EXERCISE GOAL - Skip every image and restate the data word for word.

SUPPLIED ENTRIES -
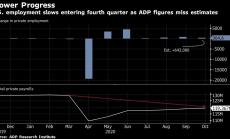 Американските компании добавят по-малко от очакваното работни места през октомври 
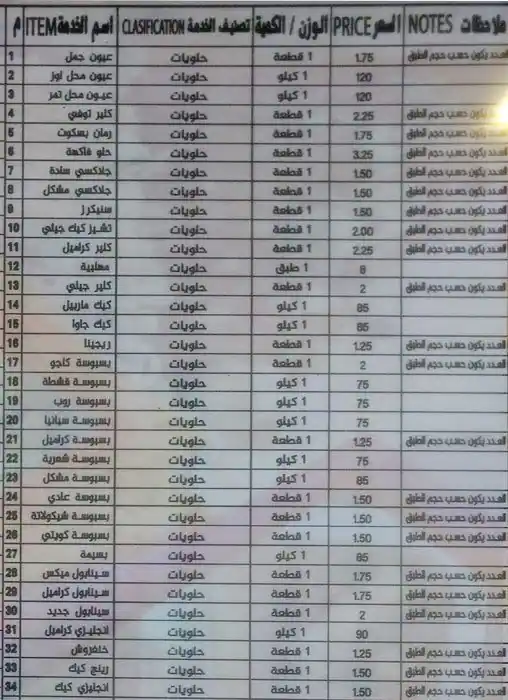 Menu of Shahad Al Jazeera Sweets & Pastries, Abu Hamour, Doha  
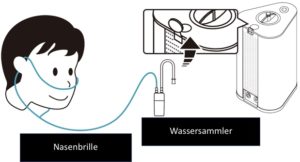 AquaVolta Vortex Booster Inhalator Nasenbrille Wassersammler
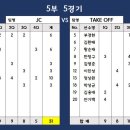 일산체육관 이미지
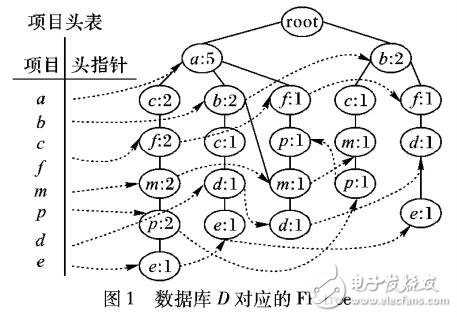 基于频繁模式树的最大频繁项集挖掘算法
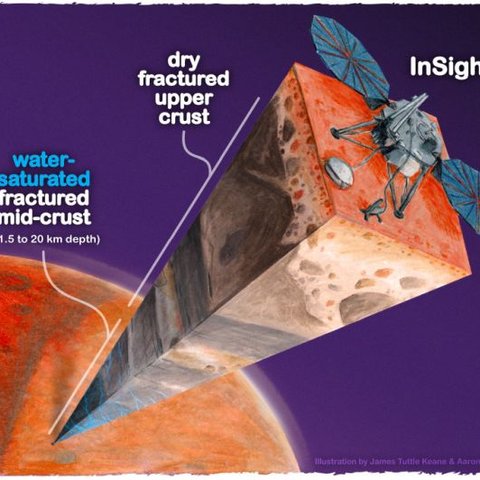 Ilmuwan Temukan Air Sebanyak Laut di Bawah Tanah Planet Mars, Tanda-tanda Kehidupan?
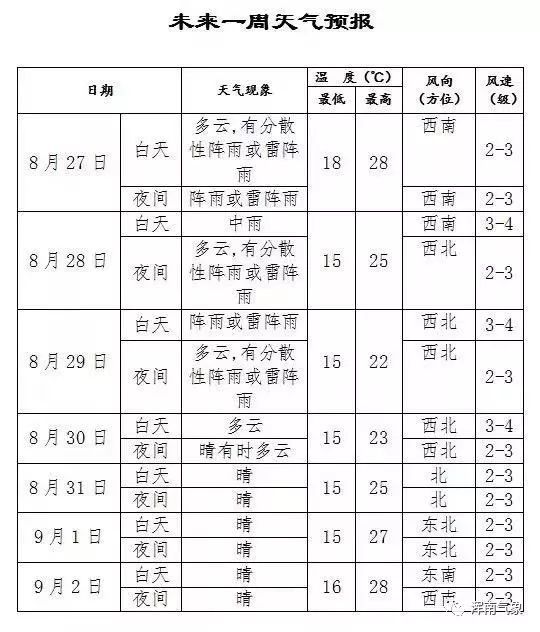 8月27日天气预报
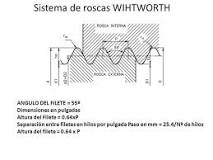 La Rosca Whitworth: Explorando su Historia y Significado - 3 - diciembre 13, 2022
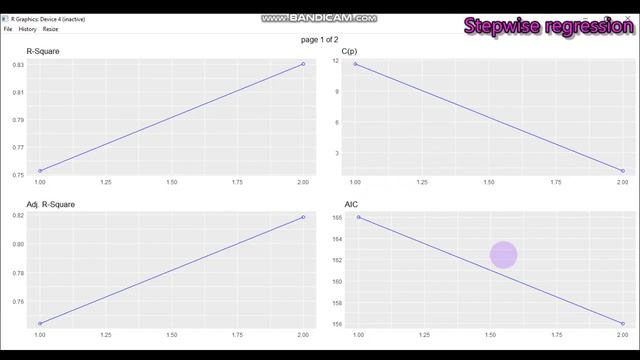 Stepwise Regression Selection (AIC and P value) Using graphical method in R Part II смотреть онлайн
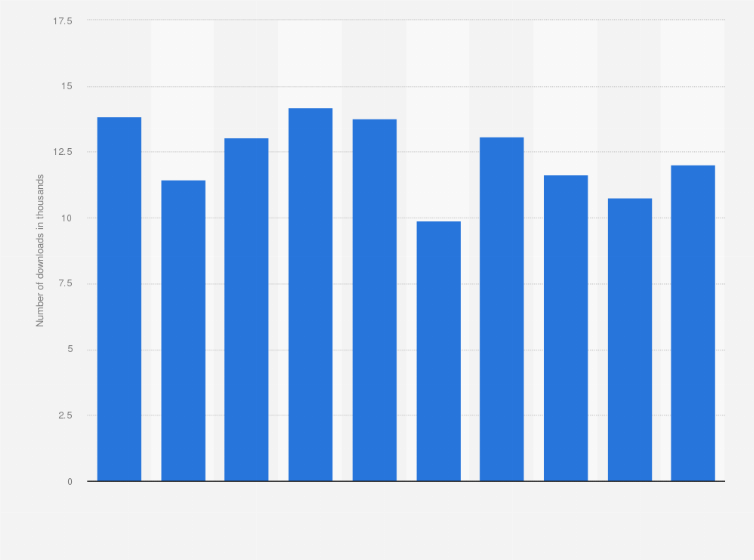 Statistic: Monthly downloads of the Facebook app to android devices in Ireland 2019, by number of downloads (in 1,000s)
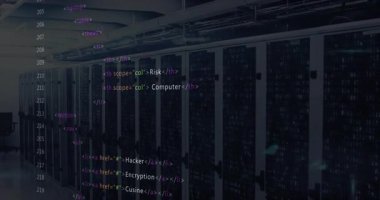 HTML kodunu başlatan animasyon, tehdit izleme menüsünü gösteren sunucu raflarının üzerine kaydırıyor. Teknoloji, siber güvenlik, dijital, yenilik, veri, ağ, fütürist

WORKED SOLUTION -
 Американските компании добавят по-малко от очакваното работни места през октомври 
 Menu of Shahad Al Jazeera Sweets & Pastries, Abu Hamour, Doha  
 AquaVolta Vortex Booster Inhalator Nasenbrille Wassersammler
 일산체육관 이미지
 基于频繁模式树的最大频繁项集挖掘算法
 Ilmuwan Temukan Air Sebanyak Laut di Bawah Tanah Planet Mars, Tanda-tanda Kehidupan?
 8月27日天气预报
 La Rosca Whitworth: Explorando su Historia y Significado - 3 - diciembre 13, 2022
 Stepwise Regression Selection (AIC and P value) Using graphical method in R Part II смотреть онлайн
 Statistic: Monthly downloads of the Facebook app to android devices in Ireland 2019, by number of downloads (in 1,000s)
 HTML kodunu başlatan animasyon, tehdit izleme menüsünü gösteren sunucu raflarının üzerine kaydırıyor. Teknoloji, siber güvenlik, dijital, yenilik, veri, ağ, fütürist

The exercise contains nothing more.